“Power lines are great places to
hang my clothes—especially since my closet is full of birds. I make love like I
have wings and know how to fly.”
My place is a place of overhead power
lines. When I was a child in England overhead power lines served the role of
laundry lines. Wet laundry secured by wooden pegs on lines that looped from
tenement to tenement. Probably dangerous, though there were never fires, nor
electrocutions.
When we came to Canada, power lines were
the relief, the differential in the prairie landscape that provided a reprieve
in mile after mile of loneliness and barrenness, mile upon mile from horizon to
horizon. The wires sang in unison with the grasshoppers and, in the winter, the
power lines creaked and groaned with the weight of snow. Every spring in small town Canada, about the
time of high school graduations, the power lines were bedecked with tied
sneakers, urban legends of one sort or another, shoes swaying on power lines
along with the vertical traffic lights.
Sometimes the wind, ever constant, made both the sneakers and the traffic
lights horizontal. Actually, in that kind of wind, horizontal traffic lights
would have made more sense. I wonder if they have realized that yet.

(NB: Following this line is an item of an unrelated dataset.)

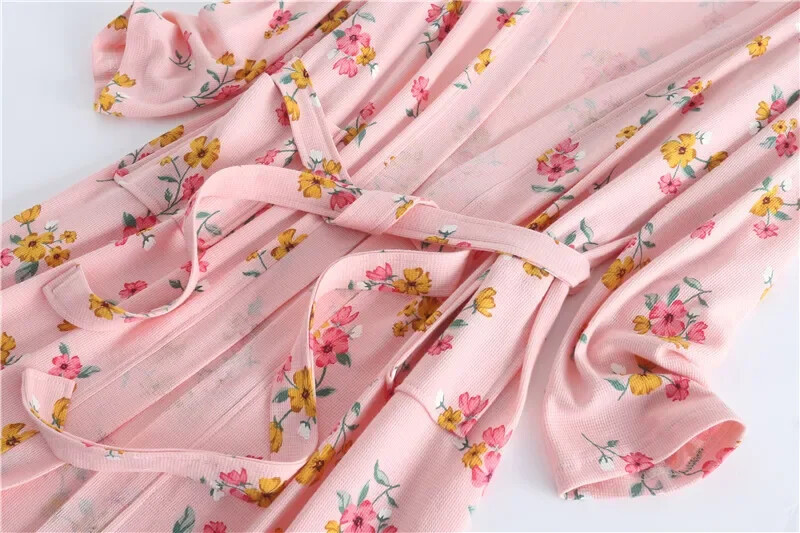 Pavasario ir rudens medvilninis vaflinis kimono nuotakos chalatas ir naktinė suknelė namuose Moteriški drabužiai su gėlių raštais, juostos, namų chalatas moterims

Here, in my place, power lines tangle
with trees. They dance with the wind and threaten power outages. Because of the
lost streams running under my neighborhood, underground lines are not an
option. But that doesn’t upset me. Overhead power lines provide me with a
degree of nostalgia. Memories of a childhood in England, and growing up with
Prairie winds.
Because of the wind, or heavy rains, or
the lines tangling with tree branches, our power is always at risk. But I feel
we should always be at the mercy of nature. It keeps us humble. Spiders love
the power lines as a base for building the most amazing of spider webs that
routinely drape across my face in the morning as I go to the car. That’s cool. But
I think, too, that the wires above me, serve to underline and emphasize the
sky, like the emphatic line or two that we excise under an important word.